(EXERCISE REQUIREMENTS) With the pictures left out, restate exactly the part below that opens with the line containing "Bild 1 von 3: Als" and closes with the line containing "condo for rent".

(EXTRACTED MATERIAL)
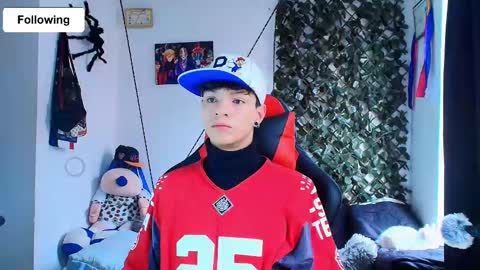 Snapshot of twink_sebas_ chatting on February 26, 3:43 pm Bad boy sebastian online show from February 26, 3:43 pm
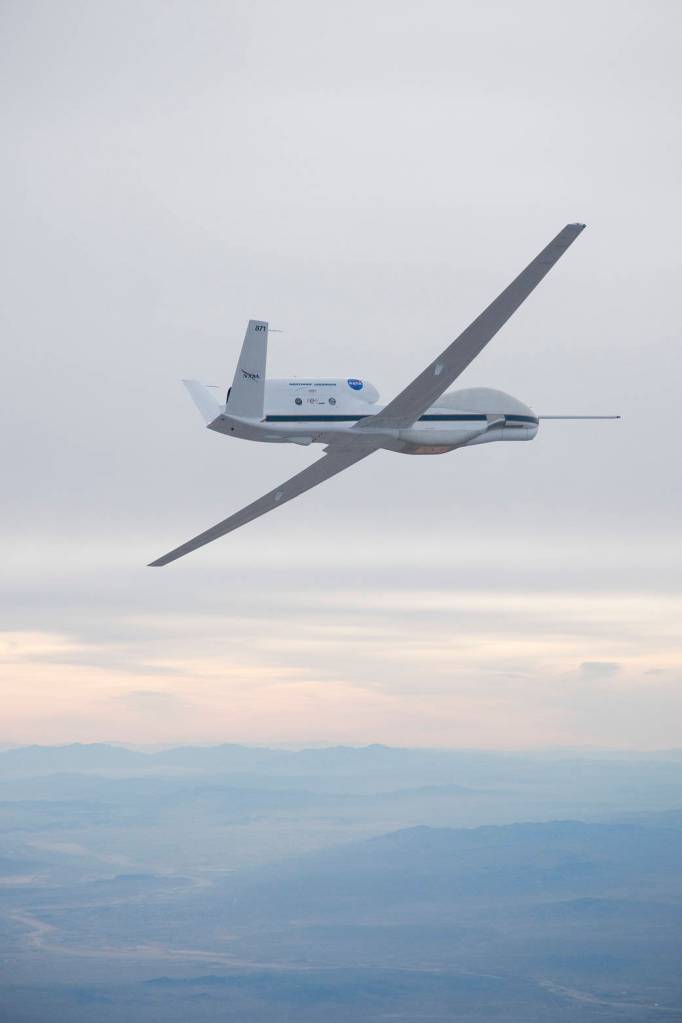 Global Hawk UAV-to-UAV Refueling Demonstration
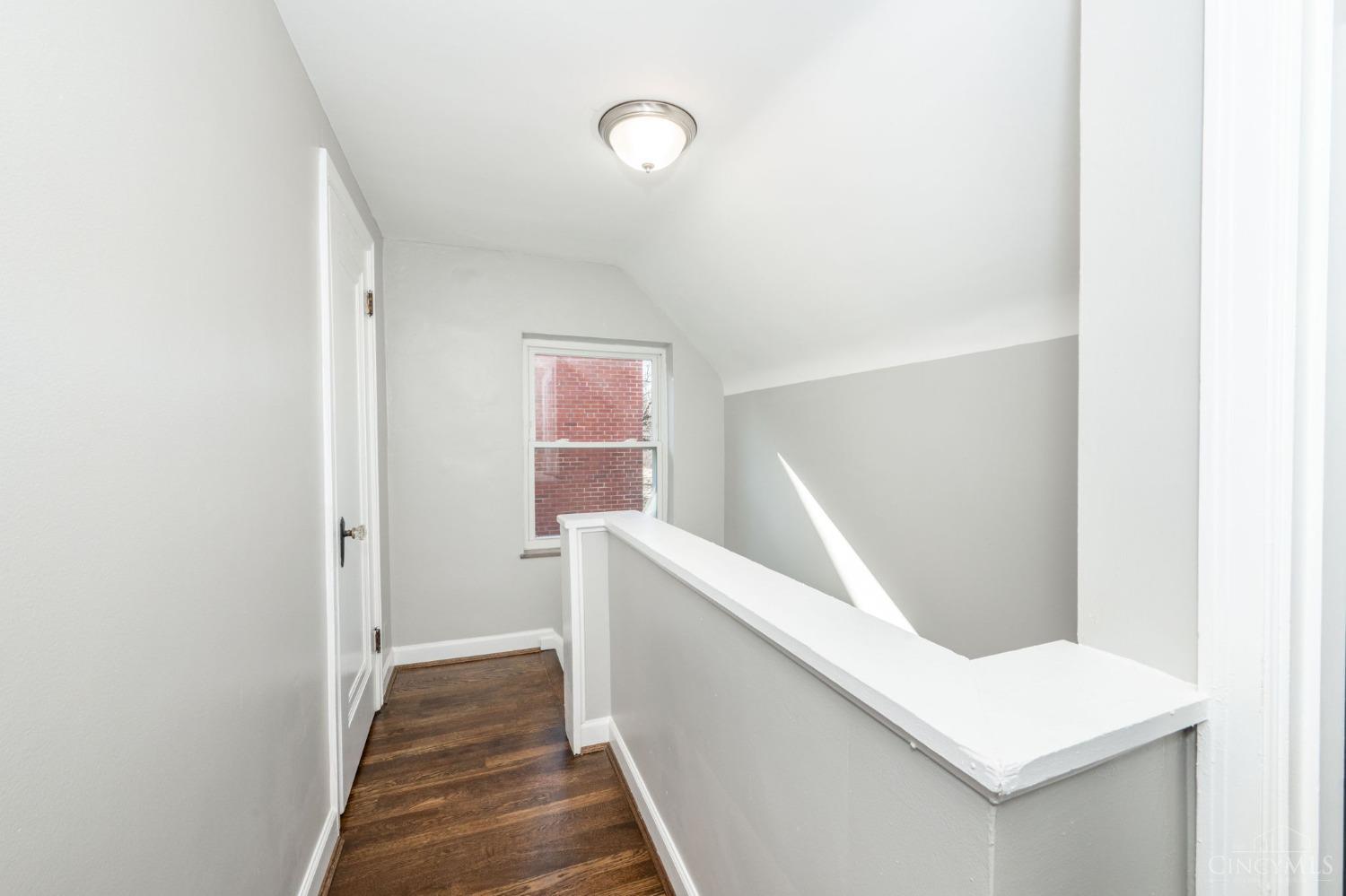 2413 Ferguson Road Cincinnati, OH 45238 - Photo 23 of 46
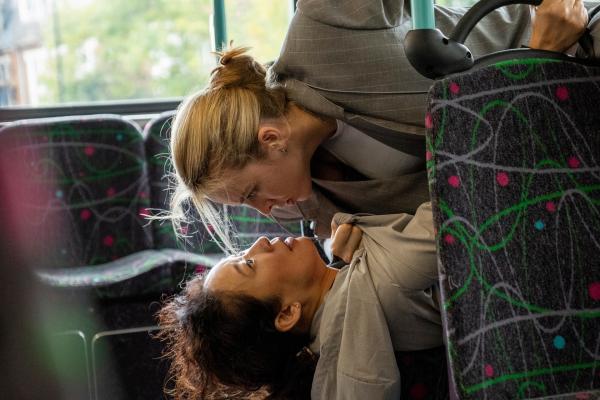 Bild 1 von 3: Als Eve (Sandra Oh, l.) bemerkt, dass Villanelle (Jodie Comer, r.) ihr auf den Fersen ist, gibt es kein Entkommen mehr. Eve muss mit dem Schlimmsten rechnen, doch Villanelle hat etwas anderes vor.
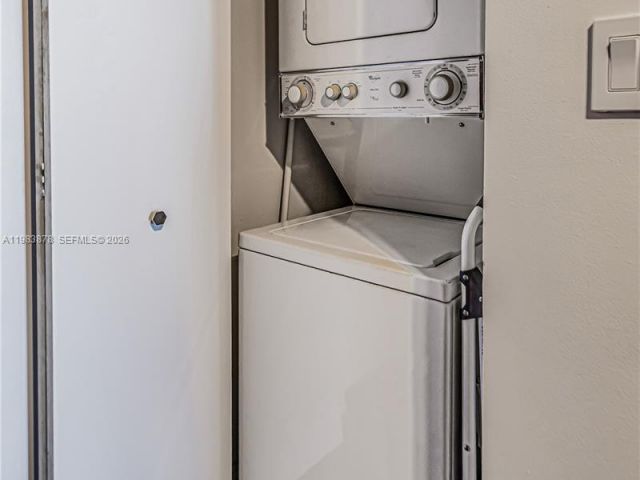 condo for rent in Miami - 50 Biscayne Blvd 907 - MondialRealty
---
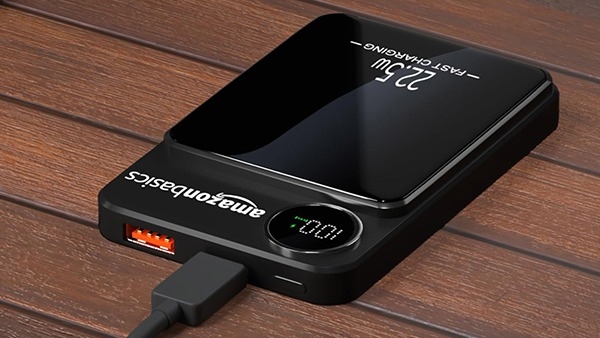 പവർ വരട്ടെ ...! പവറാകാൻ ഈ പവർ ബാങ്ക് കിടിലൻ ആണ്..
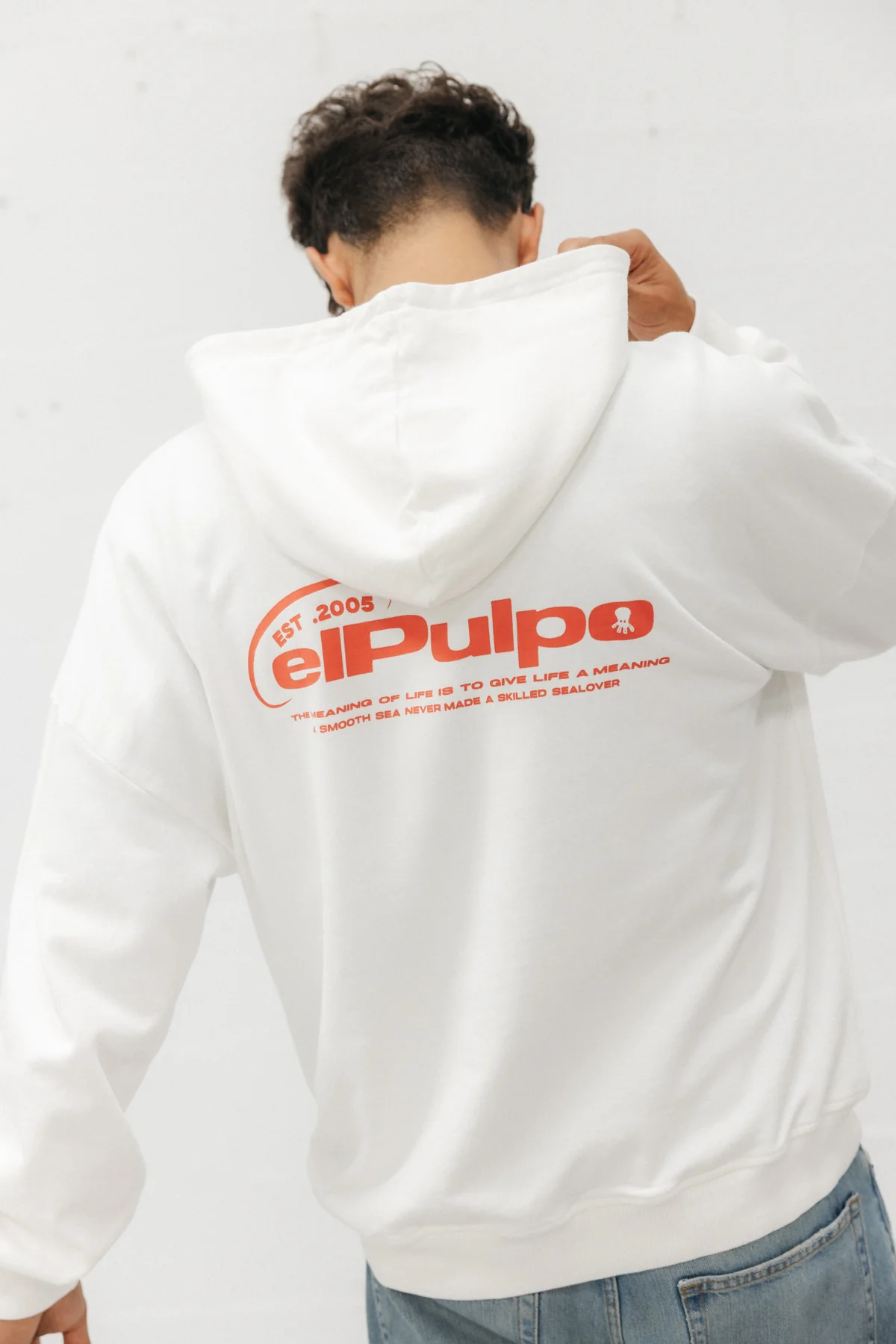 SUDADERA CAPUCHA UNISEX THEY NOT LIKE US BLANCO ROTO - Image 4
...
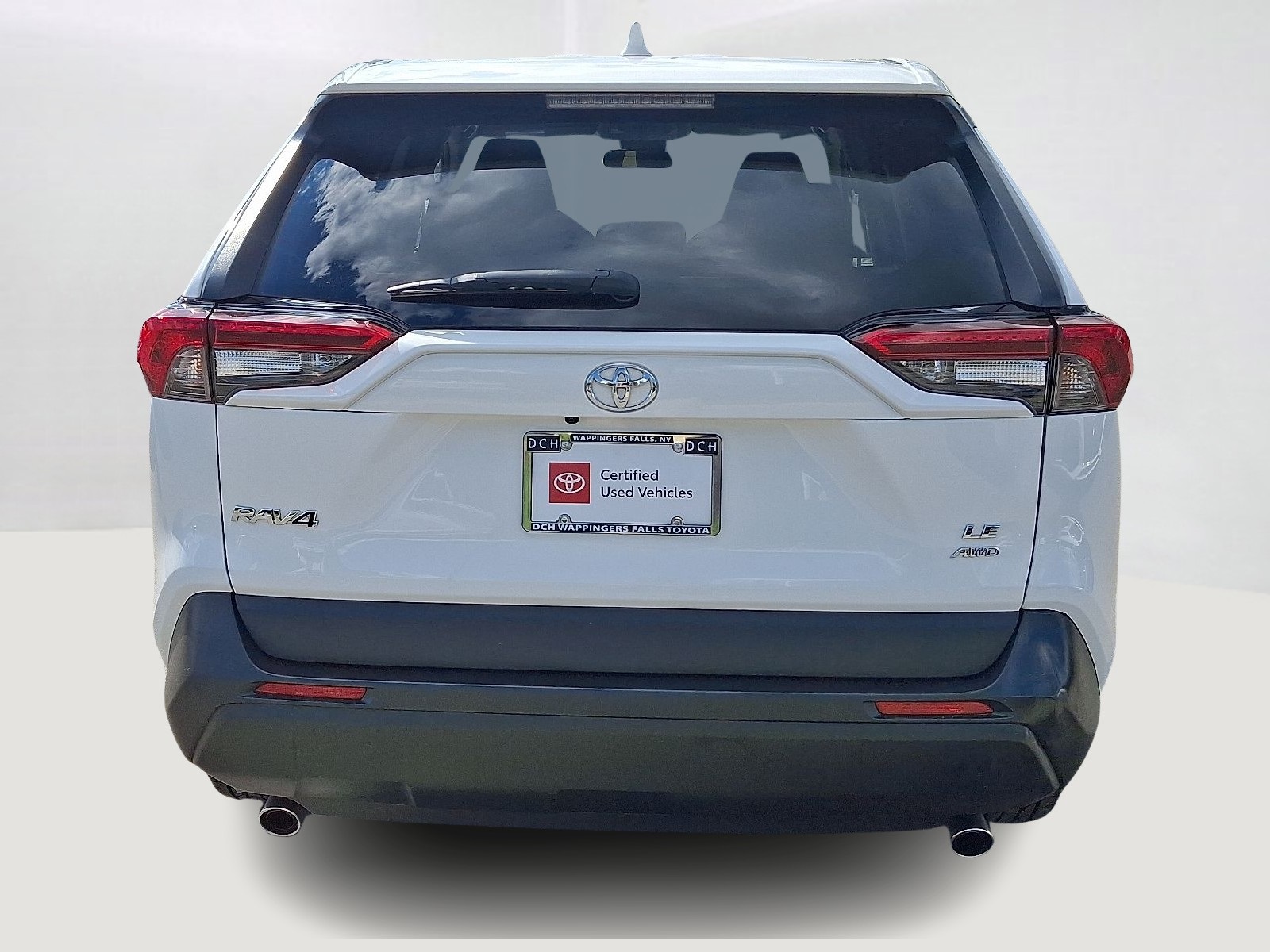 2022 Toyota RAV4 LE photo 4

(WRITTEN ANSWER)
 Bild 1 von 3: Als Eve (Sandra Oh, l.) bemerkt, dass Villanelle (Jodie Comer, r.) ihr auf den Fersen ist, gibt es kein Entkommen mehr. Eve muss mit dem Schlimmsten rechnen, doch Villanelle hat etwas anderes vor.
 condo for rent in Miami - 50 Biscayne Blvd 907 - MondialRealty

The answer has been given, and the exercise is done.